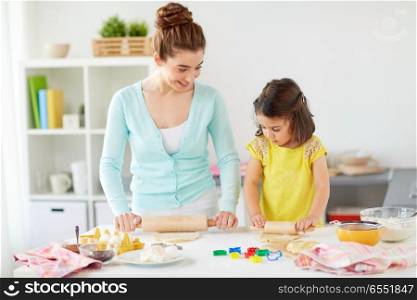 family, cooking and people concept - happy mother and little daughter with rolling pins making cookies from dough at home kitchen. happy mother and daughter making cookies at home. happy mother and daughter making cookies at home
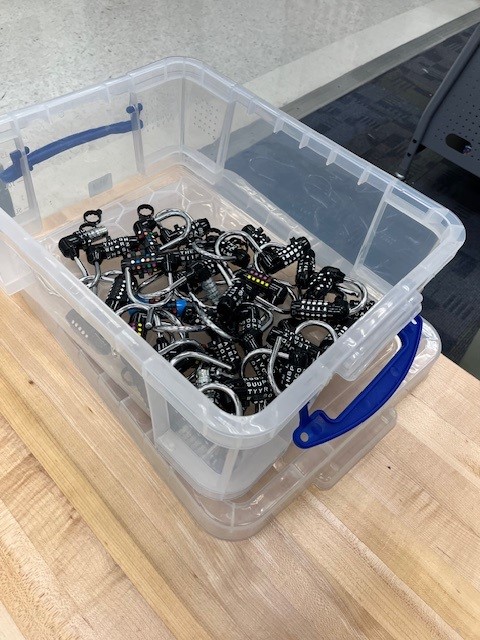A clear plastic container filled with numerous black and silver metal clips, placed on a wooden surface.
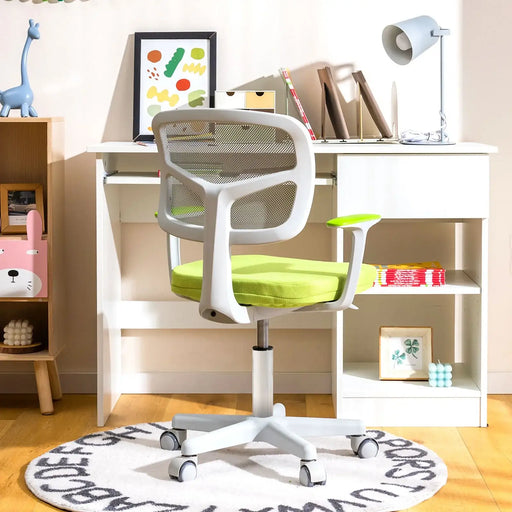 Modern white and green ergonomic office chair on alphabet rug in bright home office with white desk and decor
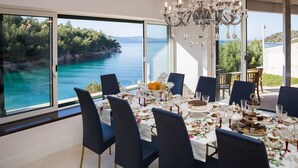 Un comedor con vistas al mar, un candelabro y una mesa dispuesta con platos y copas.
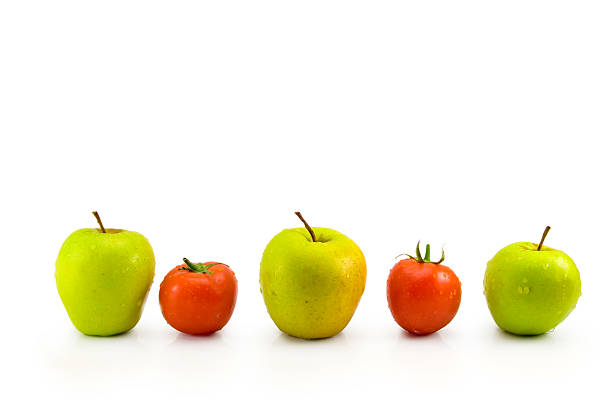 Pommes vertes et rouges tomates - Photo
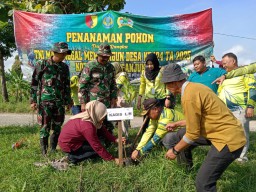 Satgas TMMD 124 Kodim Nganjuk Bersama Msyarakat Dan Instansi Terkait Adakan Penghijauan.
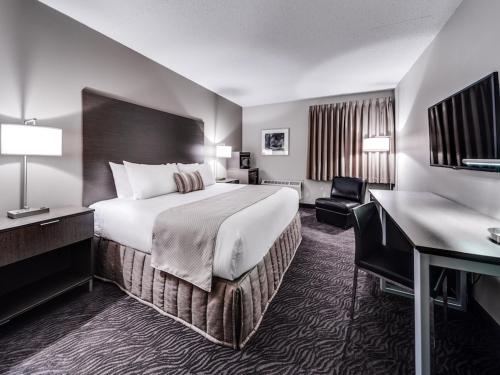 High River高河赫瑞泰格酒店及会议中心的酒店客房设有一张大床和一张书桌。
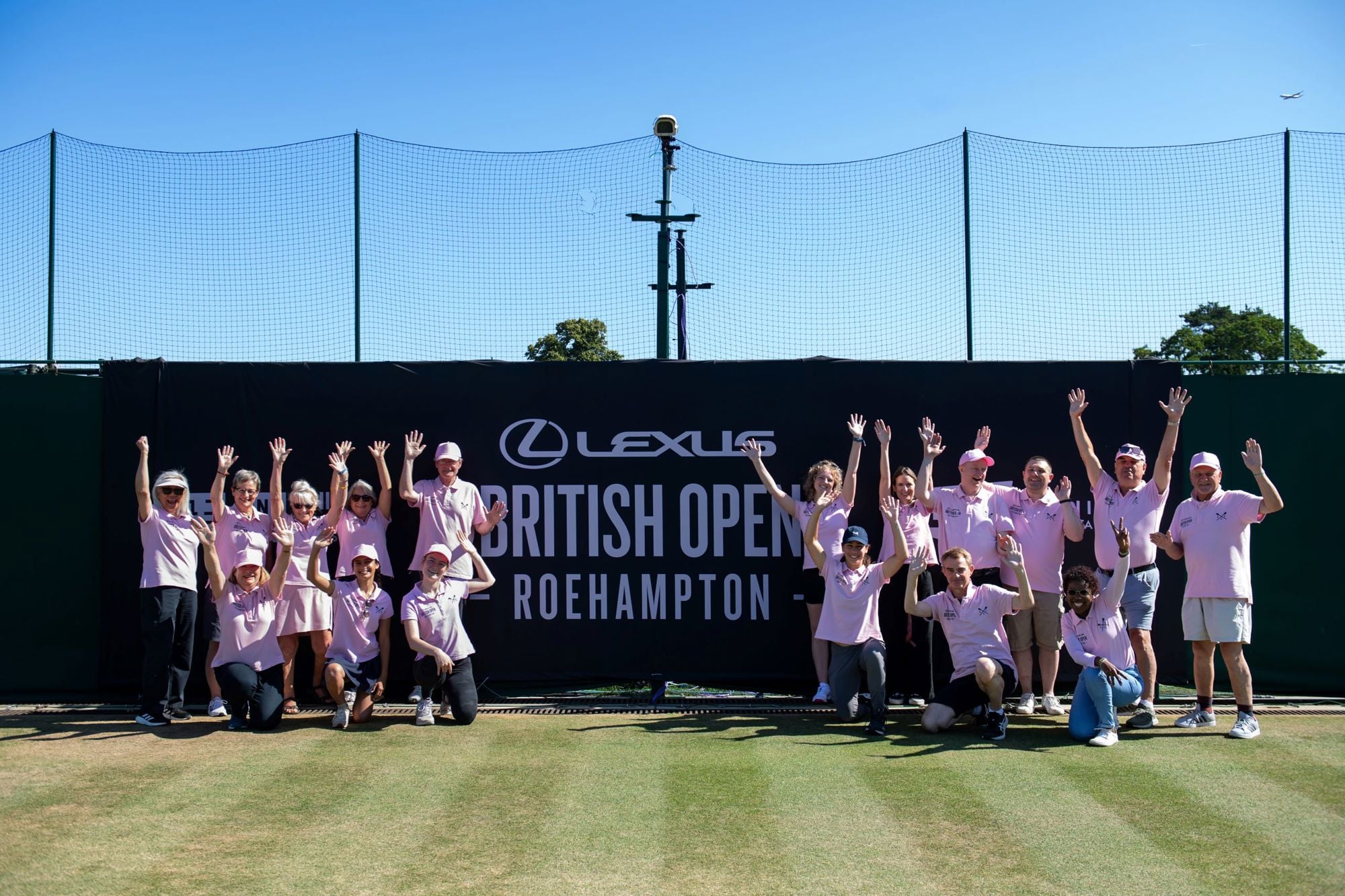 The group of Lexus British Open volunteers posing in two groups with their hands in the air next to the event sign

++++++

• [Exercise directions] Take the records above from their first line through the line with "A clear plastic" and set those lines down word for word, minus the pictures.

• [Answer space]
 family, cooking and people concept - happy mother and little daughter with rolling pins making cookies from dough at home kitchen. happy mother and daughter making cookies at home. happy mother and daughter making cookies at home
A clear plastic container filled with numerous black and silver metal clips, placed on a wooden surface.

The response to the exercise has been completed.